[Collection entries]
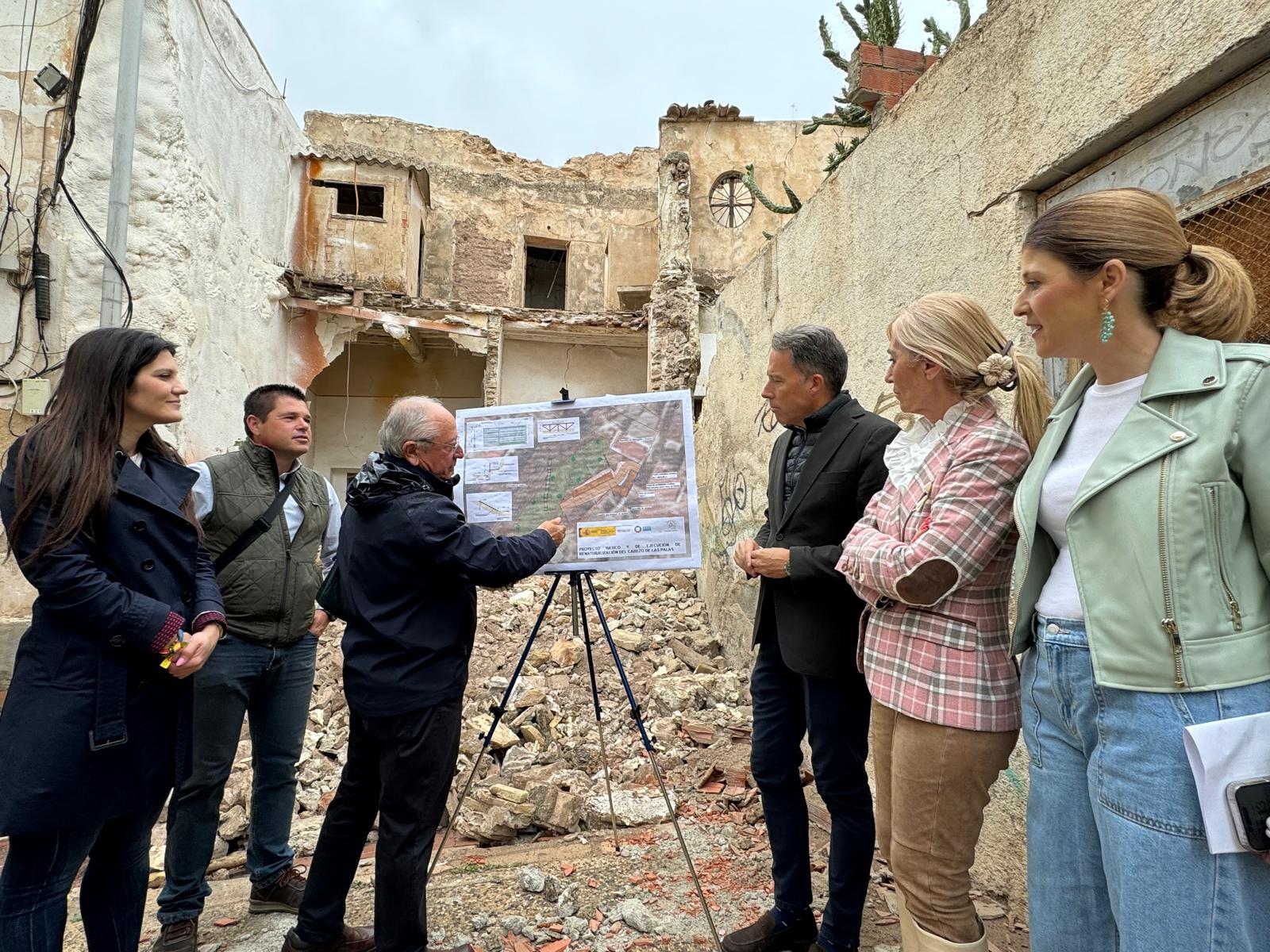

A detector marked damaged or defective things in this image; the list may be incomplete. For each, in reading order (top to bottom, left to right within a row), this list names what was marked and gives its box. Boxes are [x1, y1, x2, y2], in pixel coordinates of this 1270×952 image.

rusted metal grate [1178, 181, 1270, 343]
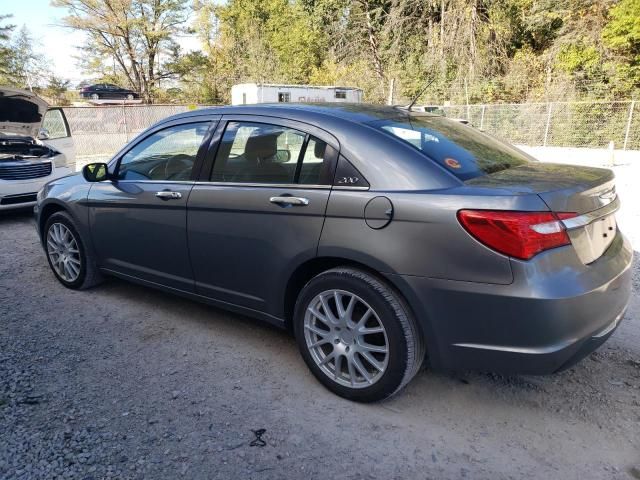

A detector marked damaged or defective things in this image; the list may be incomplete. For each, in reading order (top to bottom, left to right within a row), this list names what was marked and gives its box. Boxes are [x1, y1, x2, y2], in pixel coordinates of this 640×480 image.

hood of damaged car [0, 86, 48, 138]
damaged car [0, 87, 75, 210]
windshield of damaged car [368, 115, 532, 181]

Task statement: Where the line containing "this 640×480 image." appears in the records above, begin copying and continue through the last line; copy each line exactly and include no others.

Result of this exercise:
A detector marked damaged or defective things in this image; the list may be incomplete. For each, in reading order (top to bottom, left to right within a row), this list names what was marked and gives its box. Boxes are [x1, y1, x2, y2], in pixel coordinates of this 640×480 image.

hood of damaged car [0, 86, 48, 138]
damaged car [0, 87, 75, 210]
windshield of damaged car [368, 115, 532, 181]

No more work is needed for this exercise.